Prosper Marketplace in San Francisco reported a $35 million loss in the second quarter, adding to the struggles of the entire marketplace lending sector.

The firm, which specializes in consumer installment loans, said in a securities filing Monday that its operating revenues plunged to $27.1 million during the second quarter — more than 50% lower than they were during the first quarter, and 44% lower than during the second quarter of 2015.

Loan originations at Prosper totaled $445 million, down 56% from the first quarter and down 51% from the same period a year earlier.

The company's net loss of $35 million compared with a loss of $17.5 million in the first quarter and a $6 million loss in the second quarter of 2015.

Prosper, similar to its rival Lending Club, runs an online marketplace where consumers looking to borrow between $2,000 and $35,000 get matched with loan buyers.

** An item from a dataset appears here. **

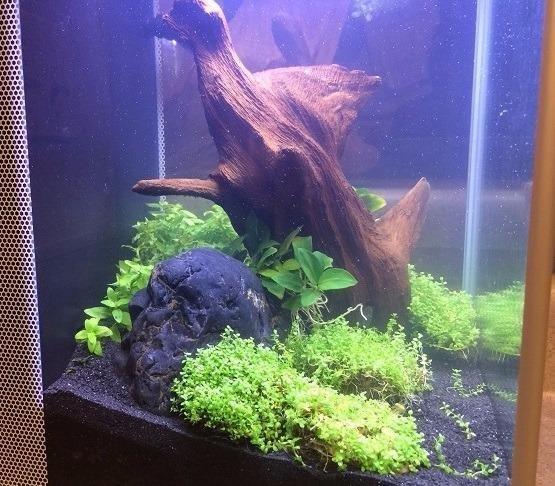 Fluval SPEC Aquarium Kit, 5-Gallon customer photo 1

Both firms enjoyed rapid growth during the first half of the decade, as hedge funds and other institutional investors were eager to buy their high-yielding loans. But those sentiments reversed earlier this year, as buyers began to have doubts about the credit quality of loans being originated and saw more attractive opportunities in other investment markets.

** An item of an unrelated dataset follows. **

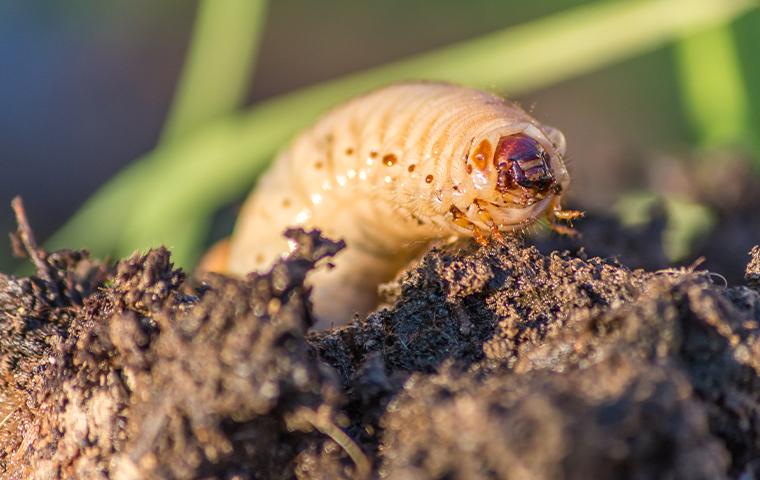 a grub in the dirt in tarrant county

In May, Prosper announced 170 layoffs, which amounted to 28% of the company's staff — part of an effort to adjust to the industry's new reality.

During the second quarter, Prosper recorded $14.1 million in one-time restructuring charges. Those charges contributed to expenses totaling $63.7 million, down by 14% from the first quarter but up by 12% from the second quarter of 2015.

Prosper also reported Monday that its pile of cash and other liquid assets is dwindling.

The company had $28.8 million in cash and cash equivalents as of June 30, down from $40.1 million at the end of the first quarter. The firm also had an additional $55.7 million in investments available for sale at the end of the second quarter, which were down from $68 million three months earlier.